Once the line containing "Mertra Reversible Puffer - (BLACK/CAMO)" is found in the entries below, restate it and each following line word for word, stopping after the line containing "Pendrive Zhake Pamięć".

(Stored records)

- - - - - - -

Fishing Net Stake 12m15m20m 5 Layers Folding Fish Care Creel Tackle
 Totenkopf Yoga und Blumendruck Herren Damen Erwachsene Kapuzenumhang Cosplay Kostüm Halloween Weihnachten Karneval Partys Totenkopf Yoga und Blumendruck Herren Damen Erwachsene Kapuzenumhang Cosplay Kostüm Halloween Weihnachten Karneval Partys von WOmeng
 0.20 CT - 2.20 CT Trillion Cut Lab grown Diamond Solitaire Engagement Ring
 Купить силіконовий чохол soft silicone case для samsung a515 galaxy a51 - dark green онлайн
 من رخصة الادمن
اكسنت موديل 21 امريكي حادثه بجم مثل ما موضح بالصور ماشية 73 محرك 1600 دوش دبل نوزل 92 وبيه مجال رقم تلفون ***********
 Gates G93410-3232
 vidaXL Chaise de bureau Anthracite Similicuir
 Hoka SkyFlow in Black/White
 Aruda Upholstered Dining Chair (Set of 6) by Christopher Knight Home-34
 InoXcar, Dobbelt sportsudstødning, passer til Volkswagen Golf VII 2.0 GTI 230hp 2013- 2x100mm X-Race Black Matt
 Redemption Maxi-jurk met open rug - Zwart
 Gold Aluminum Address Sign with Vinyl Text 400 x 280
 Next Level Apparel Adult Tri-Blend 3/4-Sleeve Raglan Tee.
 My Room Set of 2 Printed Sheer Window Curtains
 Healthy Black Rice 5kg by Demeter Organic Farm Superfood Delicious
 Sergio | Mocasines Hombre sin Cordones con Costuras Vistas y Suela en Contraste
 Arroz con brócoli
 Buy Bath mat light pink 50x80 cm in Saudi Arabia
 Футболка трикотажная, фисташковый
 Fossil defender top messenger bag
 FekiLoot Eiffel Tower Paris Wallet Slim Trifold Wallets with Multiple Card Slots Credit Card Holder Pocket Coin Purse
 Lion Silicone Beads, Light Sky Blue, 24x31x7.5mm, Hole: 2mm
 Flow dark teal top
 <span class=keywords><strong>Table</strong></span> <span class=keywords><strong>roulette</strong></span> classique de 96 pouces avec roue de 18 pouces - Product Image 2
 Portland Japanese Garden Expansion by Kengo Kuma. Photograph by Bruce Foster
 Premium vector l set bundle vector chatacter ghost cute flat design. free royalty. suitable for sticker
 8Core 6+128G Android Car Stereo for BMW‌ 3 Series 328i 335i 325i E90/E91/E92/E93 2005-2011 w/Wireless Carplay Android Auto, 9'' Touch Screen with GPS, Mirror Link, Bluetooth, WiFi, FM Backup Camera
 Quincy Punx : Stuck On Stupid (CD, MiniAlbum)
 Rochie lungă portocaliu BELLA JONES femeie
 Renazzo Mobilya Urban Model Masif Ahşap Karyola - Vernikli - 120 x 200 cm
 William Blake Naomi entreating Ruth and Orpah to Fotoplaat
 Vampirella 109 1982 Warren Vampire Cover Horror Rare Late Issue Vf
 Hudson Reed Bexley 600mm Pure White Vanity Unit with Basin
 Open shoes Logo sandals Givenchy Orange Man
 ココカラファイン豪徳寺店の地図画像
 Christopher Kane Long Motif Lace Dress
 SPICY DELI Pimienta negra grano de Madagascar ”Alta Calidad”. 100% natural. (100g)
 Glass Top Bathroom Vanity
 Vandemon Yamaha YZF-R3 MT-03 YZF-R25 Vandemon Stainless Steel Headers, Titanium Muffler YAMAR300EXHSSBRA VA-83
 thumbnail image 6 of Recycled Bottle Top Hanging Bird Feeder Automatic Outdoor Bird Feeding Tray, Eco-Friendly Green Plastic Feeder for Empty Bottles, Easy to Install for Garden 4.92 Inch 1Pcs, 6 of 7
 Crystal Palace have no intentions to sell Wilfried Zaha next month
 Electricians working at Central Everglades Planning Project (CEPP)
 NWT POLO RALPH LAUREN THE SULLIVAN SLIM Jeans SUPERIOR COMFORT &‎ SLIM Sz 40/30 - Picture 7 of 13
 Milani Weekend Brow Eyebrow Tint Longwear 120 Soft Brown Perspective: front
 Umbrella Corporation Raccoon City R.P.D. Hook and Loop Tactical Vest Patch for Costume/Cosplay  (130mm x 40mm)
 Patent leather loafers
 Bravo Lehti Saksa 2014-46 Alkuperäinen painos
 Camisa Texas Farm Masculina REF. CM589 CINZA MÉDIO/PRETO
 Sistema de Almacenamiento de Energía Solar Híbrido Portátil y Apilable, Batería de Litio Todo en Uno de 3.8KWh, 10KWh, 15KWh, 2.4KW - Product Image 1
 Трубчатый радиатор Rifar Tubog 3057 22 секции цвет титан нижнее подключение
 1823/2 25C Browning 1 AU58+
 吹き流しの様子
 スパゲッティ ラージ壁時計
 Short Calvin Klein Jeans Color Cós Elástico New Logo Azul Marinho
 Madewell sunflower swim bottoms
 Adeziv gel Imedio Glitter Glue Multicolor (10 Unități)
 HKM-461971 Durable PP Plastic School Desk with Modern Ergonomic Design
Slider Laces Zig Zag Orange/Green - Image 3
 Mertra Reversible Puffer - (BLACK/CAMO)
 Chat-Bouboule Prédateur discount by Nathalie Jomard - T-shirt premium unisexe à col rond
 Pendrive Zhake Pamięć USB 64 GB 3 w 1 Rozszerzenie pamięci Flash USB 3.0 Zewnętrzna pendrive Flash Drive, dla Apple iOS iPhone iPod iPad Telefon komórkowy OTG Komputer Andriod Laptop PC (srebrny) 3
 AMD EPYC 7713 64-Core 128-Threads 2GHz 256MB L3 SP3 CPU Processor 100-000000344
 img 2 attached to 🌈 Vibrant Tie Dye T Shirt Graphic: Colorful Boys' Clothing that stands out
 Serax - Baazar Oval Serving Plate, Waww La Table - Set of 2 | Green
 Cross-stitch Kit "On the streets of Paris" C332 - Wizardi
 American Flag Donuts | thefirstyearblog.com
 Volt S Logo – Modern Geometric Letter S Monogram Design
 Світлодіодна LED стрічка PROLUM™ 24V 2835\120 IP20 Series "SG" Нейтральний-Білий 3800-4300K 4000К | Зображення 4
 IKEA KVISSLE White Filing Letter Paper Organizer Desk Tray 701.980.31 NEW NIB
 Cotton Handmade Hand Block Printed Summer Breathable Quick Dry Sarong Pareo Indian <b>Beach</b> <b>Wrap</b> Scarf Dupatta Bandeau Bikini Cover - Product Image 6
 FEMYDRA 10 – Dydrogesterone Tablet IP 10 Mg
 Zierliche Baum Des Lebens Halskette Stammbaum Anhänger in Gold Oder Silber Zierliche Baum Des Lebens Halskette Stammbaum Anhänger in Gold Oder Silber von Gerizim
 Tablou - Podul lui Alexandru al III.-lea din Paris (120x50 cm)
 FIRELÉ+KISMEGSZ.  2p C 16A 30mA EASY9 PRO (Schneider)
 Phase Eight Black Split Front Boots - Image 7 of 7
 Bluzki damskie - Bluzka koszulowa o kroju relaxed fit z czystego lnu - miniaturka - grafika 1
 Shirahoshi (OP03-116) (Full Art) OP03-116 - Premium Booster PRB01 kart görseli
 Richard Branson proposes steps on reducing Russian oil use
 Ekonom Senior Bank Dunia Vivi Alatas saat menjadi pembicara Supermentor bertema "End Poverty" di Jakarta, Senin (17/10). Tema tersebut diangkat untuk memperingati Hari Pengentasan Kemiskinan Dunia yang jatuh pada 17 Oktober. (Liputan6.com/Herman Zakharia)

- - - - - - -

## Solution
 Mertra Reversible Puffer - (BLACK/CAMO)
 Chat-Bouboule Prédateur discount by Nathalie Jomard - T-shirt premium unisexe à col rond
 Pendrive Zhake Pamięć USB 64 GB 3 w 1 Rozszerzenie pamięci Flash USB 3.0 Zewnętrzna pendrive Flash Drive, dla Apple iOS iPhone iPod iPad Telefon komórkowy OTG Komputer Andriod Laptop PC (srebrny) 3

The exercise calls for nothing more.